Increasing numbers of patients use a wide range of complementary and alternative medicine (CAM) therapies, including herbs, vitamins, homeopathic remedies, and Chinese herbal medicines (CHMs), during their anticancer treatment. The use of CHMs based on traditional Chinese medicine (TCM) theory for breast cancer has been recorded in ancient Chinese books for more than 2000 years. In Taiwan, nearly 20% of patients seek CHM as part of the treatment for their breast cancer [8]. As a CAM therapy for breast cancer, CHM has gradually shown its effects in controlling the progression, increasing the susceptibility to radiotherapy and chemotherapy, elevating immunity, and decreasing the toxicities or side effects of cancer therapies [9]. Authors of a systematic review demonstrated that the combined use of CHM with chemotherapy was an appropriate adjunctive therapy for immediate tumor response and chemotherapy-induced toxicities [10], but the supporting evidence was insufficient because most of the randomized controlled trials (RCTs) had poor study design. In addition, it is unproven whether combined CHM therapy is more effective than the standard adjuvant chemotherapy for clinical prognosis, especially in early breast cancer. Therefore, we planned to perform a single center prospective cohort trial to investigate whether the intervention of CHM can improve the prognosis of postoperative breast cancer patients in terms of disease-free survival (DFS), and then to provide evidence that TCM treatment is effective and safe. Meanwhile, this study can provide a breast cancer patient information database, which may correct the guidelines for TCM treatment, build trust between Western medicine doctors and TCM practitioners, and enhance the role of TCM in integrated medical care.

Methods/design

Study design

This study is a non-randomized, single center, prospective cohort study. The study began in November 2018 and is currently ongoing. A cohort of 310 patients aged more than 20 years with breast cancer with histologically diagnosed stages 1–3 after partial or radical surgery were enrolled from an academic medical center. All participants will complete six to eight cycles of adjuvant chemotherapy, which may last 6 months. The standard chemotherapy regimens include anthracycline-, taxane-, or anthracycline plus taxane-based chemotherapy specified by the NCCN guidelines, based on their disease states. At the time the participants enter the study, the time between surgery and initial chemotherapy is not more than 1 month. The study consists of two stages. Stage I is a cross-sectional study at baseline, and stage II is a cohort study across 3 years of follow-up. Participants will be followed up every 3 to 6 months for 3 years, until recurrence or death. The feasibility and precision of the entire process will be overseen by two supervisors. To ensure that patients adhere to the follow-up schedule, we remind patients of their scheduled visits by telephone or text message. Additionally, incentives are used to express appreciation for the participants’ recruitment and retention throughout the years.

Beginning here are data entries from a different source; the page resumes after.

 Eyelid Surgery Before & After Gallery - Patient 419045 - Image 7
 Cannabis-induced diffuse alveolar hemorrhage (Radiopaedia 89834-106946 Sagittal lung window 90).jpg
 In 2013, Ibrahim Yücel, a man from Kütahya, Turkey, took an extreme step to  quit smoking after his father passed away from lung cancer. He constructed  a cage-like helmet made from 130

Study settings and participants

The study is being performed in Kaohsiung Chang Gung Memorial Hospital (KCGMH) in Taiwan. Approximately 2–4 weeks after the completion of surgery, the early breast cancer patients are hospitalized for port-a-catheter implantation and administration of the first cycle of adjuvant chemotherapy. At that time, we are referred to the patients by the Breast Cancer Research Team on the day of their hospitalization. Participant screening is implemented by our department specialists with a background in oncology. For eligible patients, the researcher provides details on the purpose, specific content, instructions on how to complete the trial, and precautions of cancer treatment. After we obtain their informed consent, patients are enrolled in the study.

During the period of adjuvant chemotherapy, the participants can decide whether to accept the CHM intervention based on their personal conditions and evaluation of their own physiques. If a patient is willing to see TCM practitioners, we arrange CHM treatment for her. However, participants treated with CHM need to receive such treatment for at least half of the whole period. Participants taking CHM during the period of adjuvant chemotherapy are referred to as cohort 1, and patients receiving only chemotherapy without CHM belong to cohort 2. CHM is prescribed by TCM practitioners with more than 5 years of experience according to the TCM Treatment for Breast Cancer protocol developed in our Integrative Cancer Center (Table 1). The protocol and consensus assessment used in the study are based on the integration of empirical data and previous research of TCM syndromes in breast cancer [11, 12]. We record the number of TCM clinic visits, common CHM prescriptions, and days of taking the medicine, but we do not interfere with the treatment of TCM practitioners. The study project and estimated recruitment numbers are presented in Fig. 1.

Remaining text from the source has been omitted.